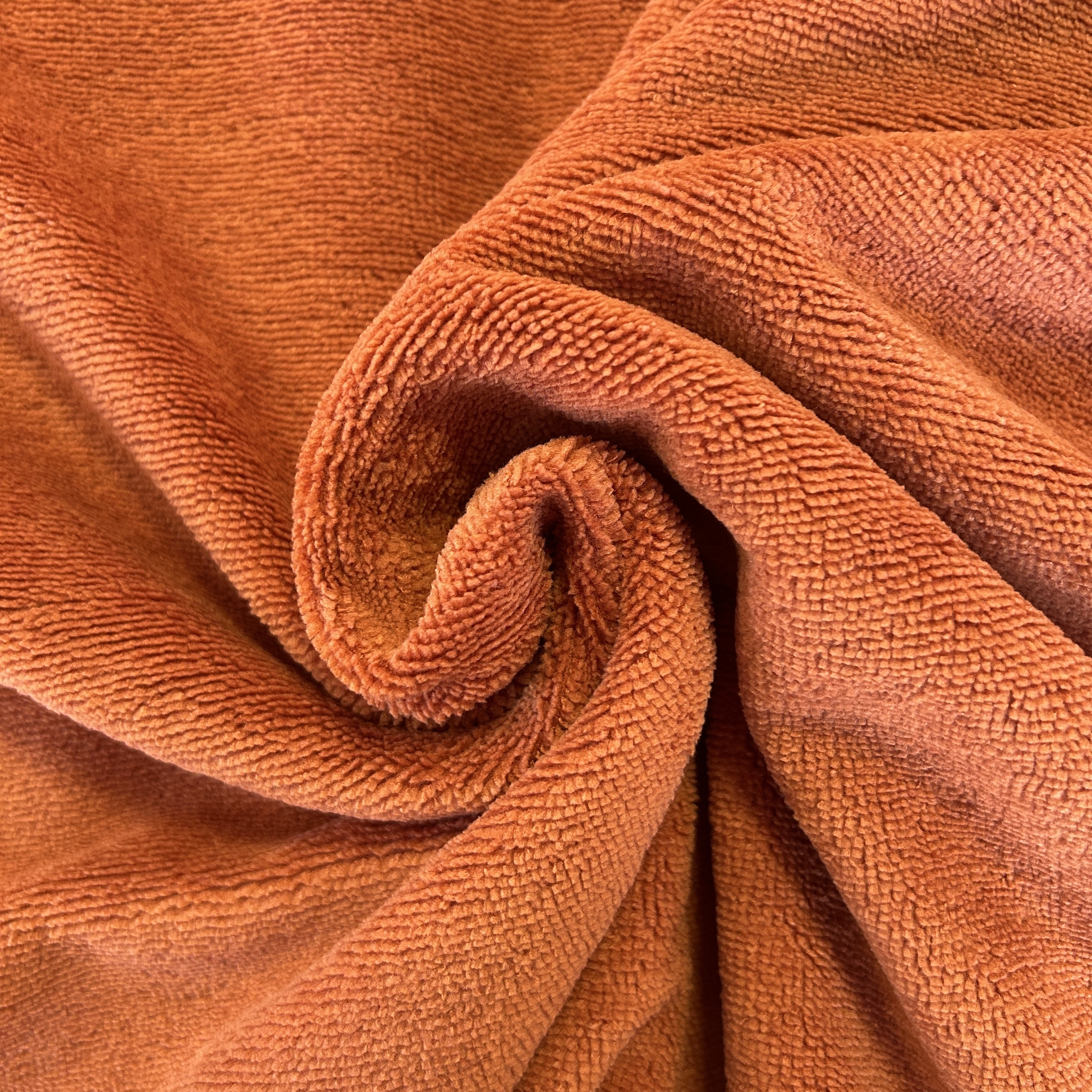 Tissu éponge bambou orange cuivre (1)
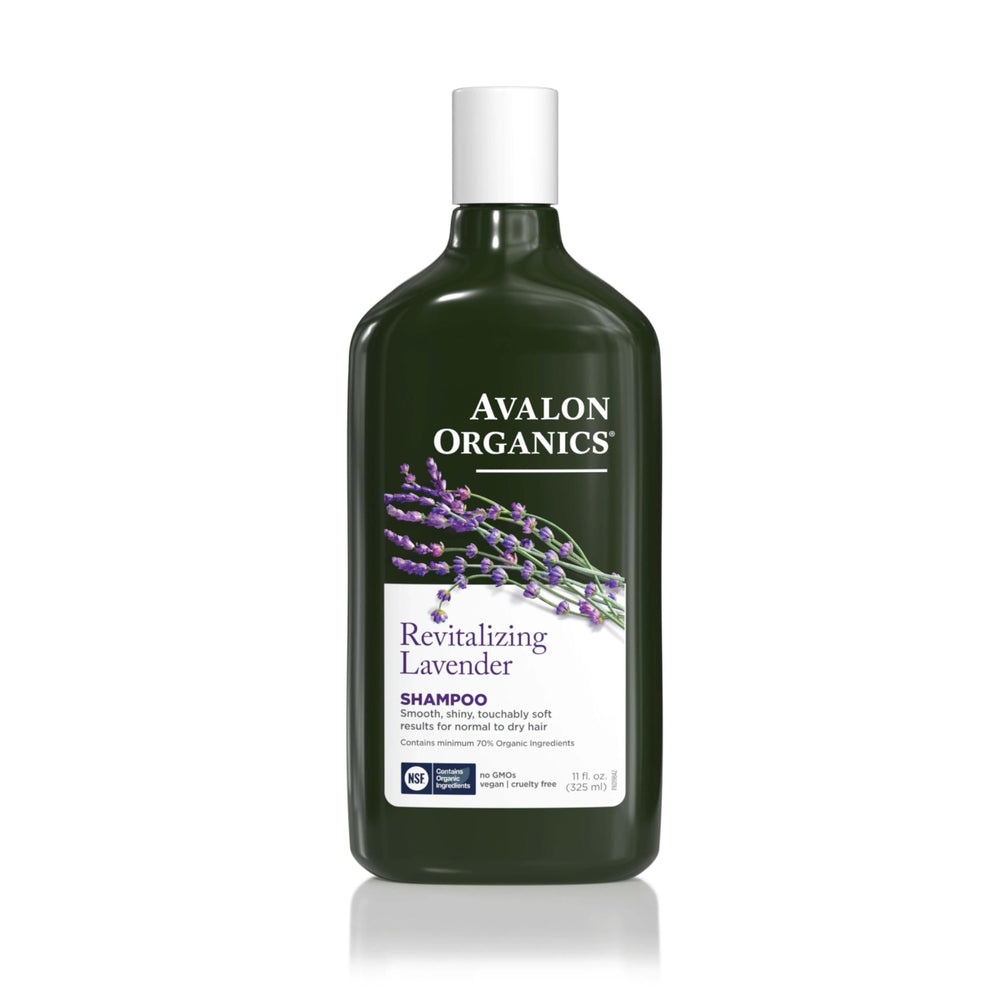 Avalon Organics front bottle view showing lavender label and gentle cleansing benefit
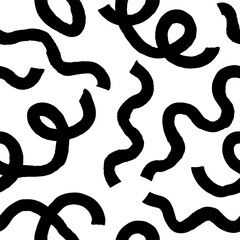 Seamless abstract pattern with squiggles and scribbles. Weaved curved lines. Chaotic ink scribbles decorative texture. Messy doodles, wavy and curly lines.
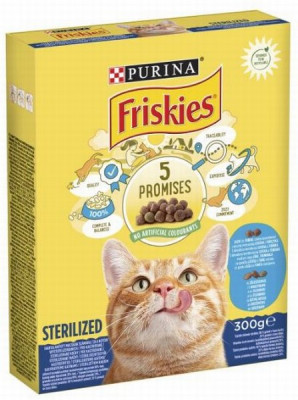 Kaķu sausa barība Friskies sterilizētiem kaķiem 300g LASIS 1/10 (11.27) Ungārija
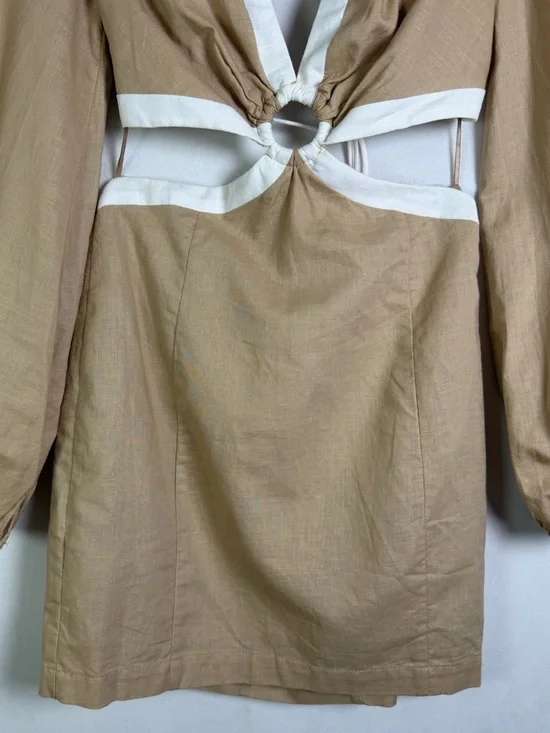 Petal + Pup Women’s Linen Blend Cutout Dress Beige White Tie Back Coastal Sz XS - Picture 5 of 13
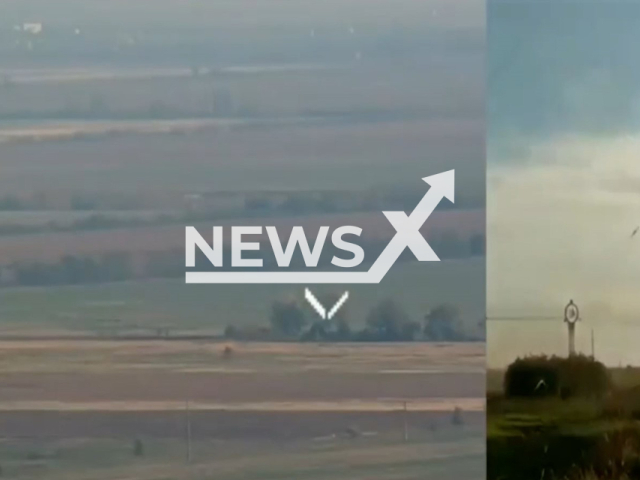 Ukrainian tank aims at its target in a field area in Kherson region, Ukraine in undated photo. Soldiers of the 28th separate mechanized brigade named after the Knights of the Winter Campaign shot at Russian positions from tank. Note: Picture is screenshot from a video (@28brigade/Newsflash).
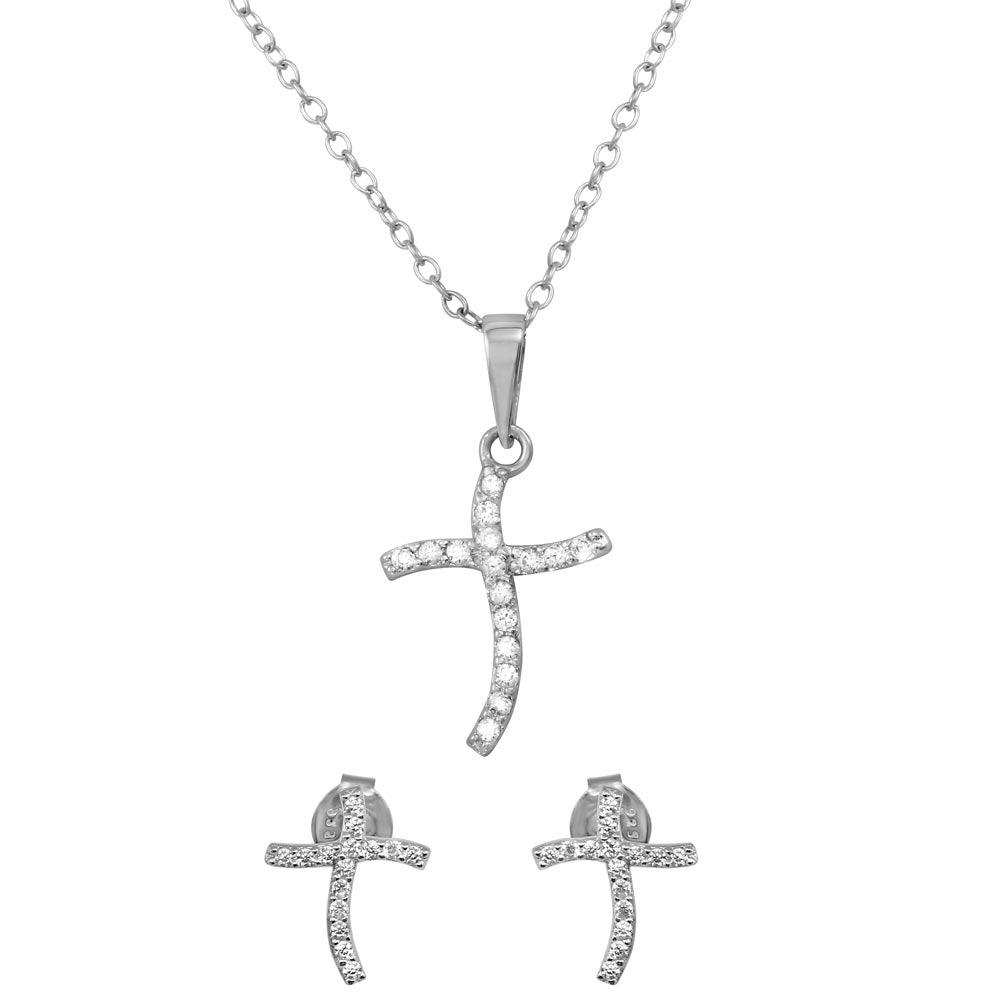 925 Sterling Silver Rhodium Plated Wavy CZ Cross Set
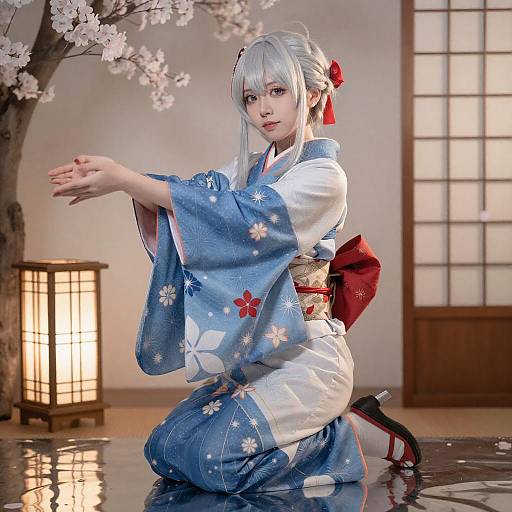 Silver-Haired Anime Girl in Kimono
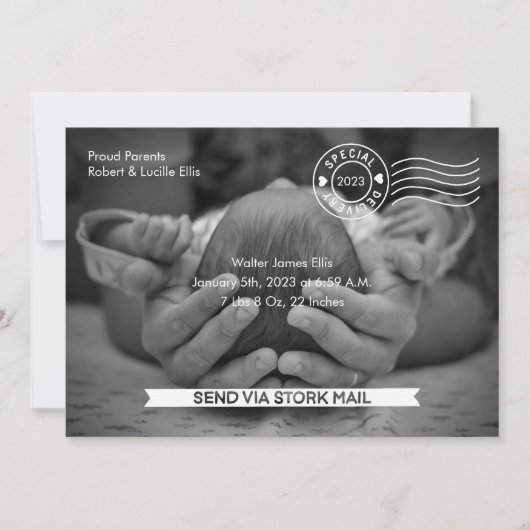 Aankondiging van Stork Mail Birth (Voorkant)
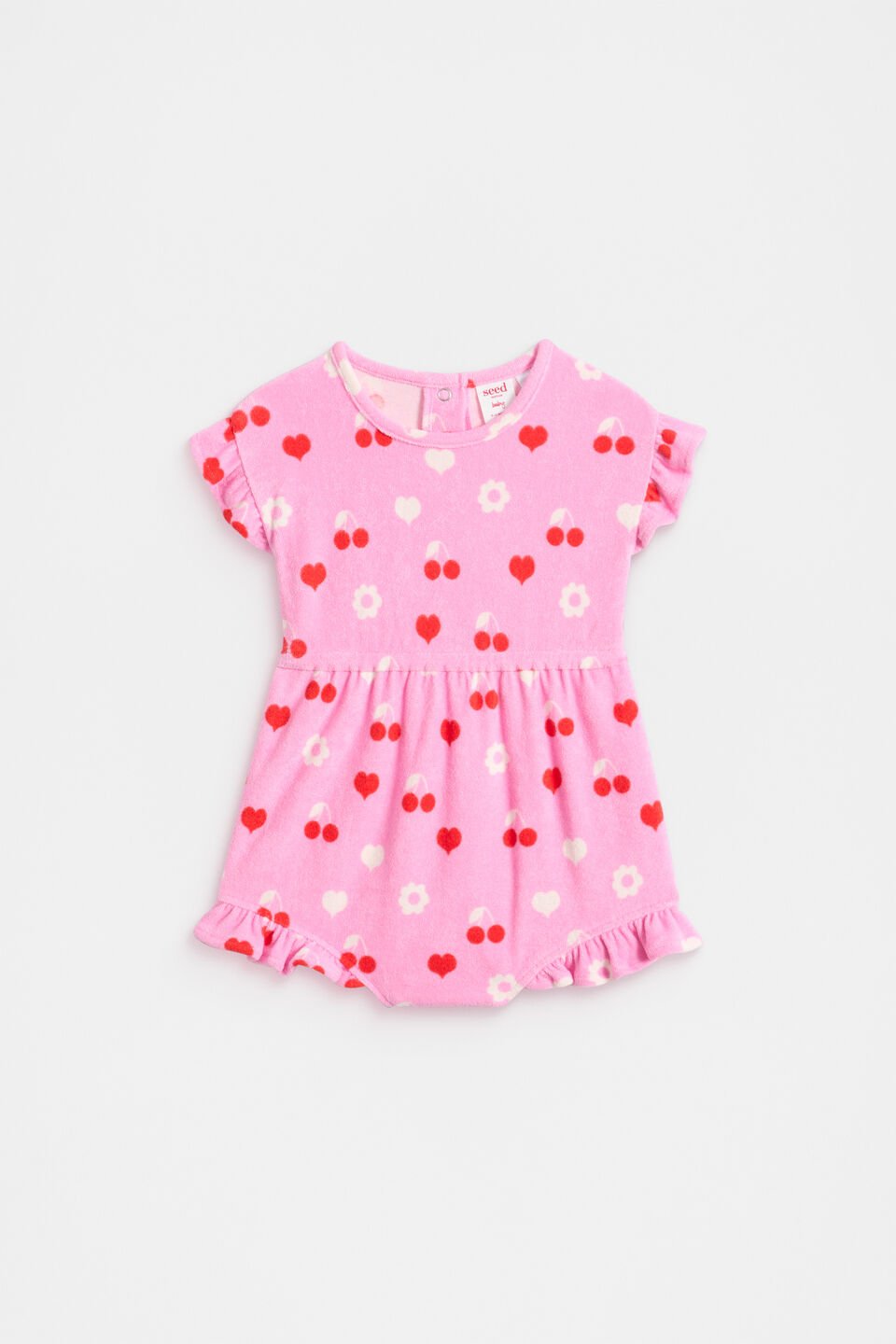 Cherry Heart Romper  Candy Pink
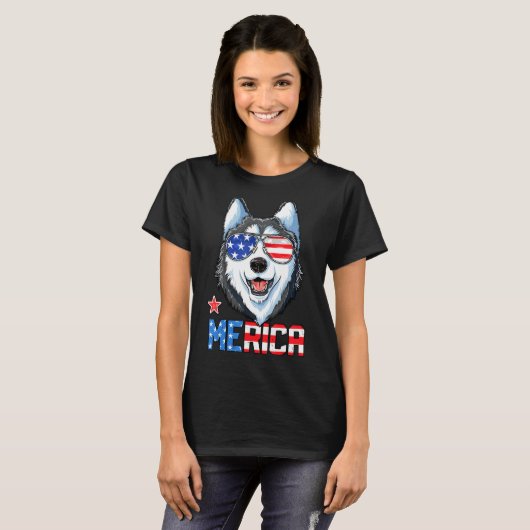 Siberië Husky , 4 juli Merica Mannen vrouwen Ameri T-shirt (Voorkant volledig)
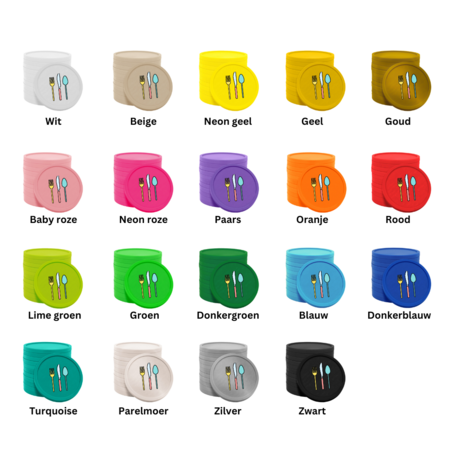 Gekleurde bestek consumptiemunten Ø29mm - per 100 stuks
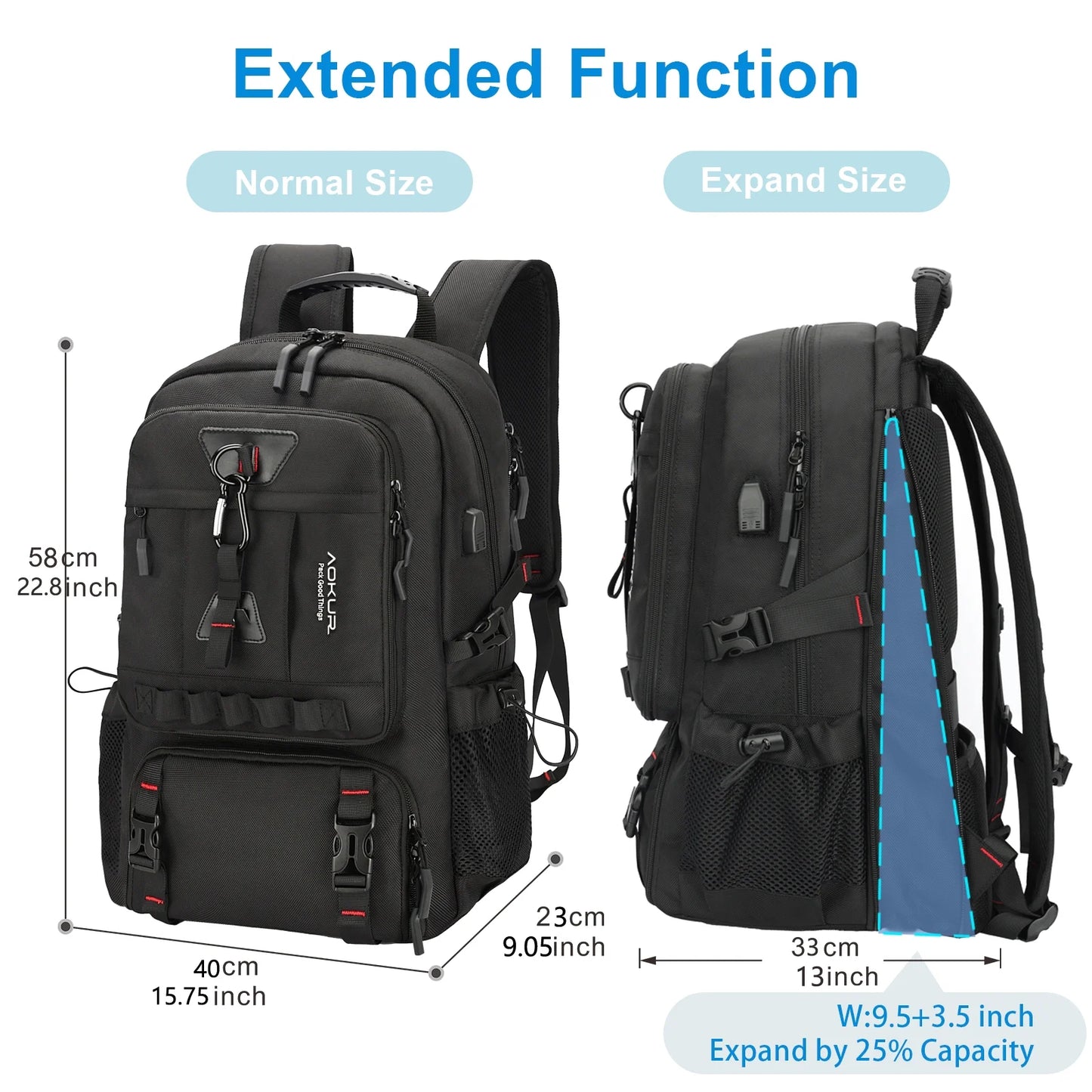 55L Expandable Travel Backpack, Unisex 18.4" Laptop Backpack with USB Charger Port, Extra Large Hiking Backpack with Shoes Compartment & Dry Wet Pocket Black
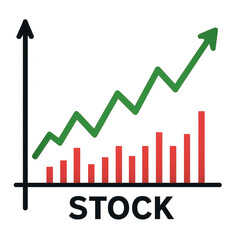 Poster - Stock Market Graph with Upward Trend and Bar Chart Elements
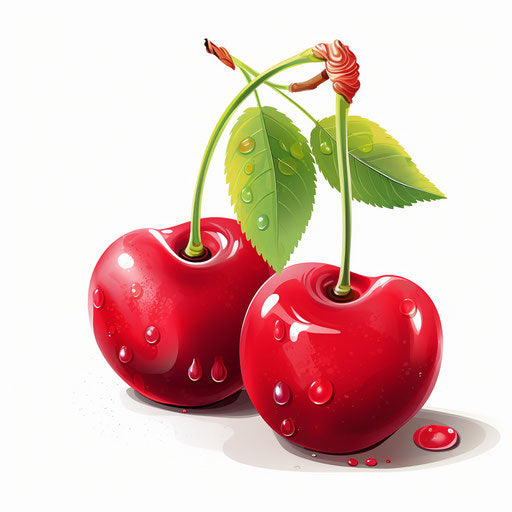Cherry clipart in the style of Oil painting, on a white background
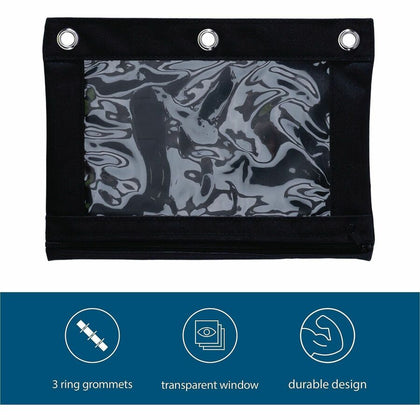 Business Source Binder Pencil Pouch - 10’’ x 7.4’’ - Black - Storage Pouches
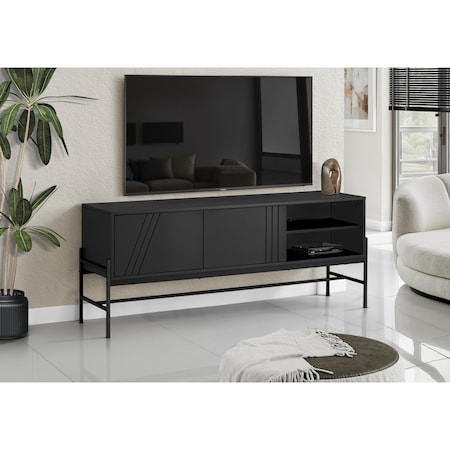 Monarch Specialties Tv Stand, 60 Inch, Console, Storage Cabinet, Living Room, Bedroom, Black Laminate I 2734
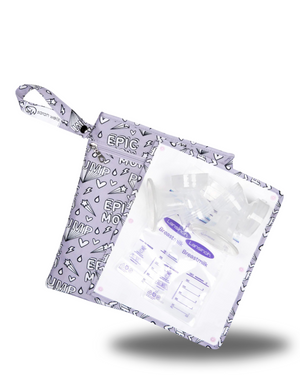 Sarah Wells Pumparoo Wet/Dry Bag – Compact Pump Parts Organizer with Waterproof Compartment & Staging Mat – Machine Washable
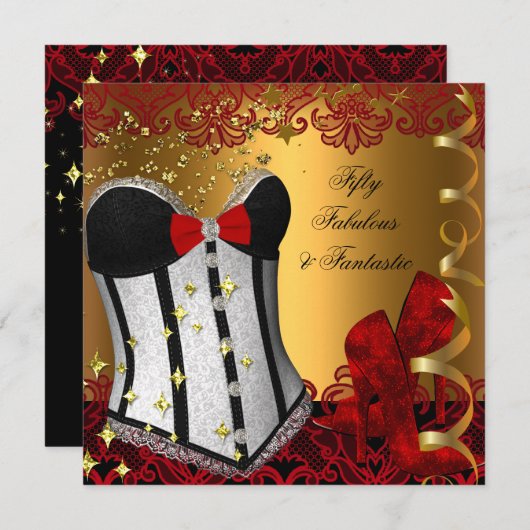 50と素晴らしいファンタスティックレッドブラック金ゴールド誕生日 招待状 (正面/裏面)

****

(Task)
Starting at the line that holds "Monarch Specialties Tv", reproduce each line through the last one of the listing, and nothing more; the pictures stay out.

(Your solution)
 Monarch Specialties Tv Stand, 60 Inch, Console, Storage Cabinet, Living Room, Bedroom, Black Laminate I 2734
 Sarah Wells Pumparoo Wet/Dry Bag – Compact Pump Parts Organizer with Waterproof Compartment & Staging Mat – Machine Washable
 50と素晴らしいファンタスティックレッドブラック金ゴールド誕生日 招待状 (正面/裏面)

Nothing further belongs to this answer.